**PROBLEM**
Transcribe the line holding "2016 Magic Mantle" together with every line after it, through the end of the records, exactly and with no pictures.

*** AVAILABLE RECORDS Section Begins ***

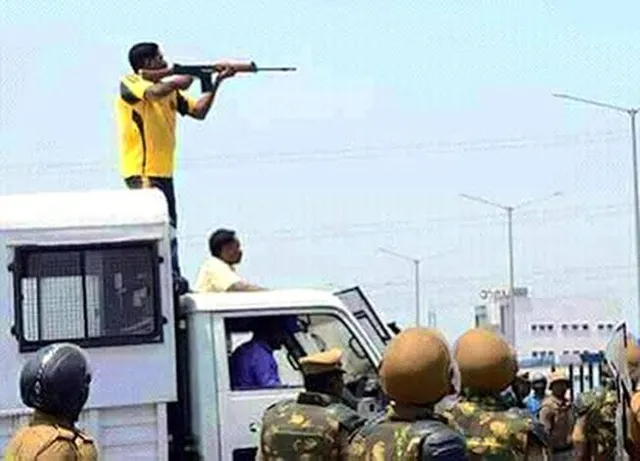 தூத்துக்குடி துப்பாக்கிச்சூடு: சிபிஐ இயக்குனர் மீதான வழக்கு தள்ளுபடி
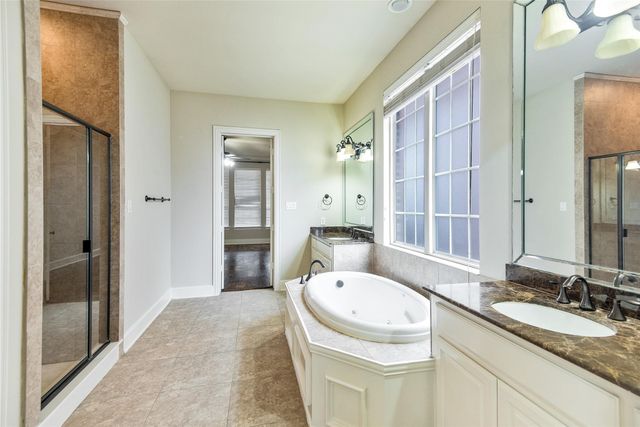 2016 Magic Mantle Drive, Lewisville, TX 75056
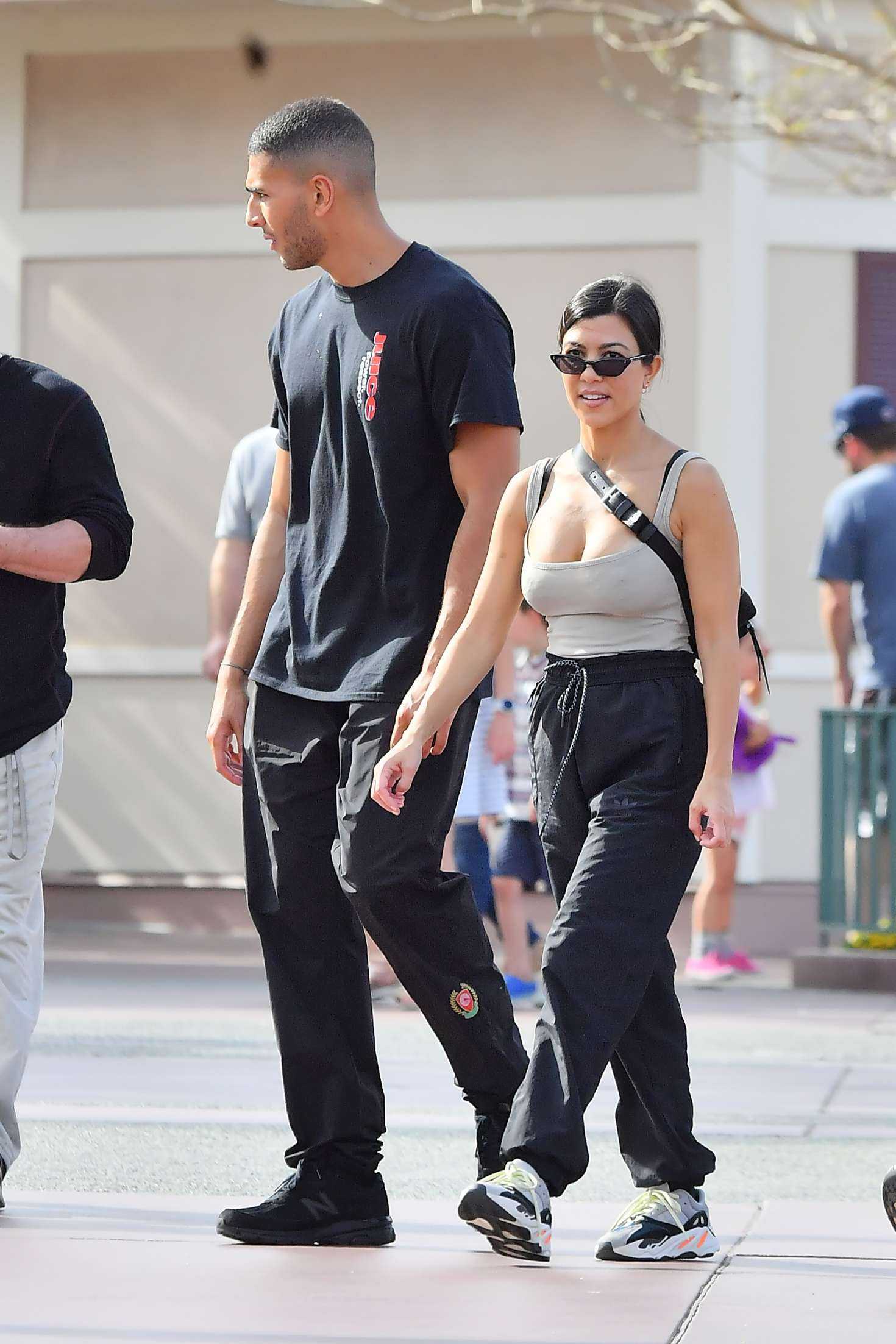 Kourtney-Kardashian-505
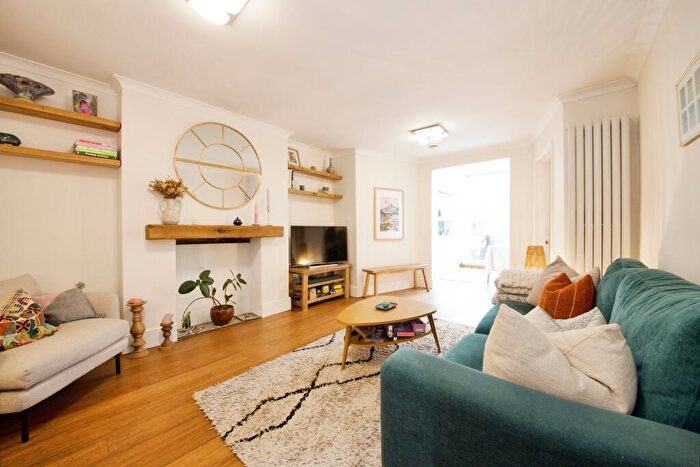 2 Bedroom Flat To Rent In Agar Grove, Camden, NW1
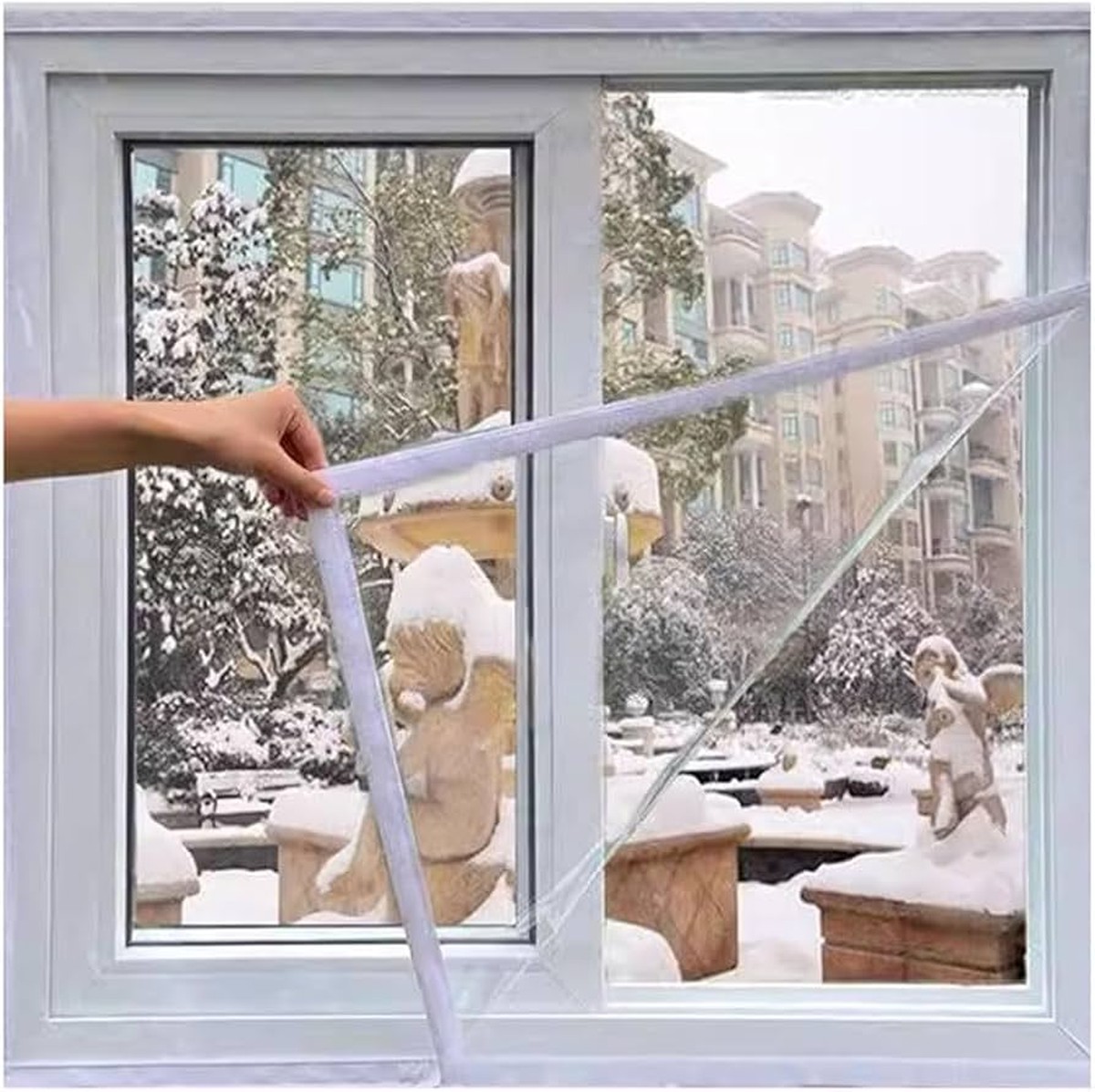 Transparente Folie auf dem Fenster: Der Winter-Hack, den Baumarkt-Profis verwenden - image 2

*** AVAILABLE RECORDS Section Ends ***

**REPLY TO THE EXERCISE**
 2016 Magic Mantle Drive, Lewisville, TX 75056
 Kourtney-Kardashian-505
 2 Bedroom Flat To Rent In Agar Grove, Camden, NW1
 Transparente Folie auf dem Fenster: Der Winter-Hack, den Baumarkt-Profis verwenden - image 2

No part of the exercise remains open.